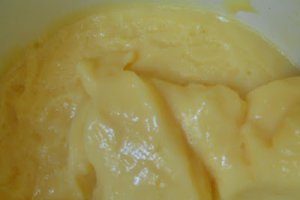 Tort cu foi de bezea,cremă de portocale şi mousse de zmeură
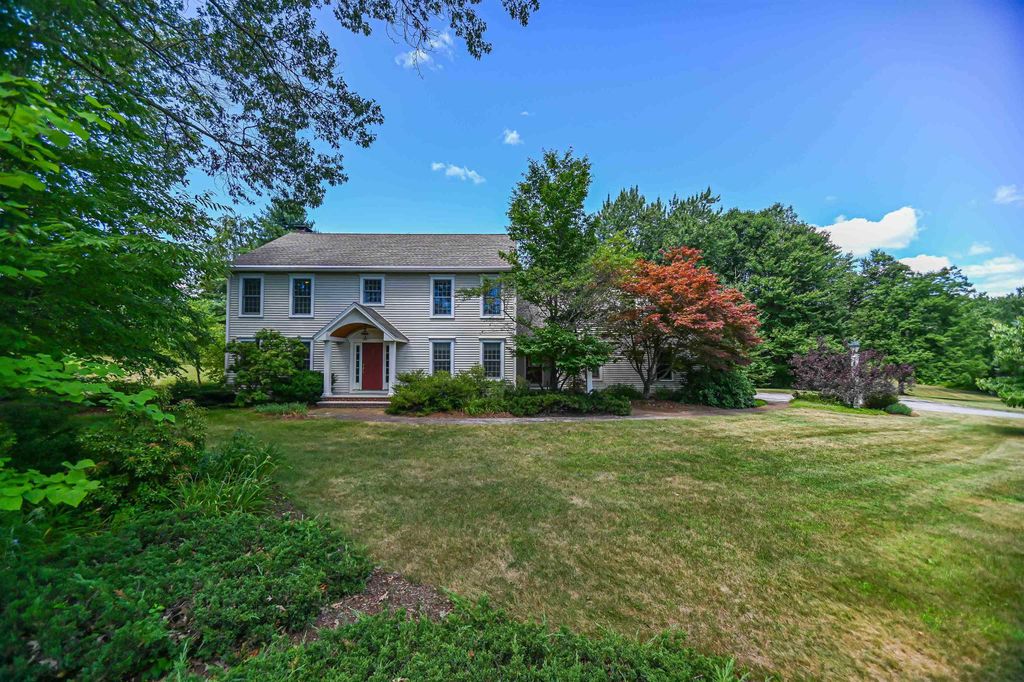5 Asa Drive, Bow, NH 03304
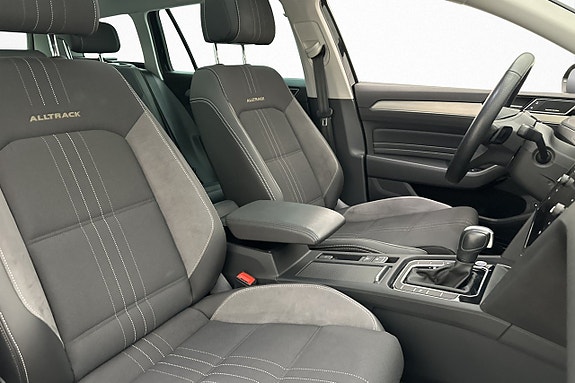 Volkswagen Passat Alltrack 15 of 26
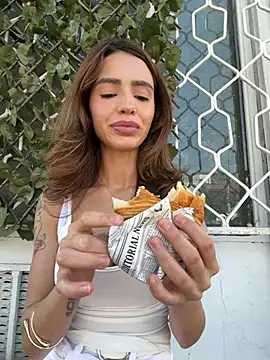 AyanaLys online show from July 31, 1:10 pm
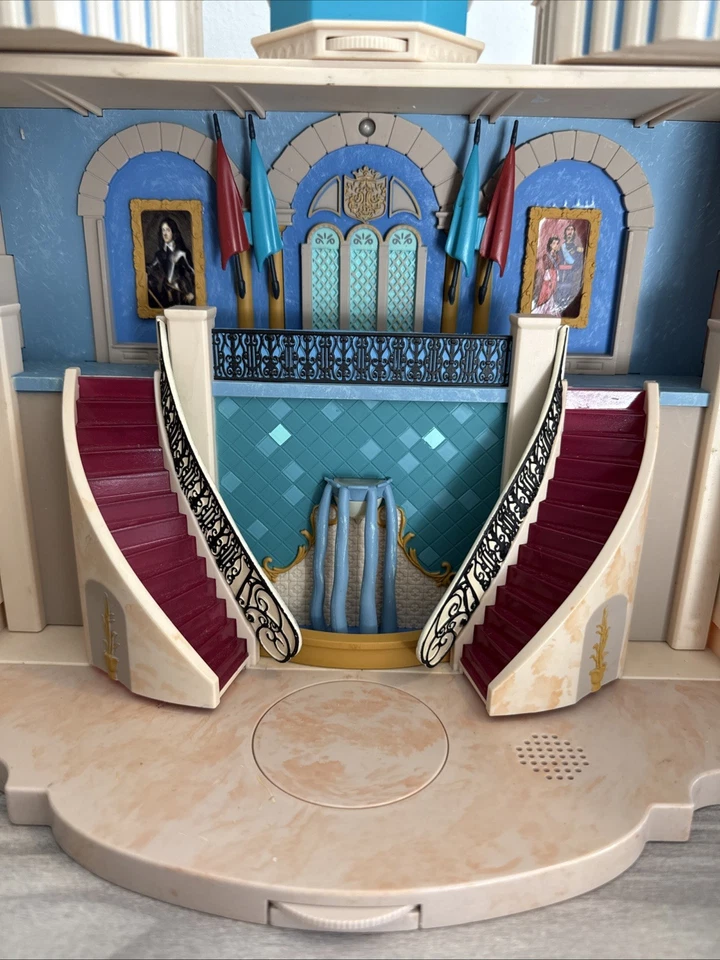 Disney Store London Exclusive Elena of Avalor Palace Doll House - RARE- WORKS  - Image 4 of 4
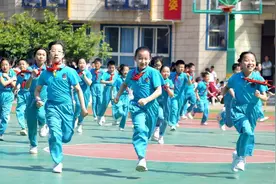 2025年春季学期起全市义务教育阶段学校每天开设1节体育课 课间延长至15分钟图片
+---+
Problem statement
Copy every line of the data word for word, omitting the images.

Output of the task
 Tort cu foi de bezea,cremă de portocale şi mousse de zmeură
5 Asa Drive, Bow, NH 03304
 Volkswagen Passat Alltrack 15 of 26
 AyanaLys online show from July 31, 1:10 pm
 Disney Store London Exclusive Elena of Avalor Palace Doll House - RARE- WORKS  - Image 4 of 4
 2025年春季学期起全市义务教育阶段学校每天开设1节体育课 课间延长至15分钟图片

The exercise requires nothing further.